Curtis also published a satire of New York City life but in 1856 virtually abandoned "high" literature for journalism and politics. Curtis's New England sense of propriety showed clearly when, that same year, he assumed the debts run up by a magazine of which he was an editor, debts for which he was not legally liable. This sense of duty and rectitude characterized his whole career, as editor of Harper's Weekly during the Civil War and as a professional reformer.
Most of the well-known reforms of the century attracted Curtis. He was an abolitionist and a spokesman for woman's suffrage, and he spoke frequently on the need for reconciliation between industrial capitalists and laborers according to his concept of social justice. But he was best known and most active as an advocate of civil service reform in an age when politics seemed to mean little more than a scuffle for spoils.

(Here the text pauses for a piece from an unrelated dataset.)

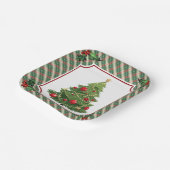 Christmas Tree Plaid with Holly ペーパープレート (傾斜あり)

Curtis was the classic "Mugwump," the name given to those Republicans who bolted the party in 1884 because its candidate, James G. Blaine, had some financial irregularities in his career. Curtis was genteel, hobnobbing with the prominent literati of his day, and more than a little condescending in his political dealings. In 1877, for example, the leading New York Republican spoilsman, Roscoe Conkling, denounced Curtis and other "snivel service" reformers in a vitriolic speech before the New York State Republican Convention. "It was the saddest sight I ever knew," Curtis noted in the patronizing tone that characterized much of his writing, "that man glaring at me in a fury of hate, and storming out his foolish blackguardism. I was all pity. I had not thought him great, but I had not suspected how small he was."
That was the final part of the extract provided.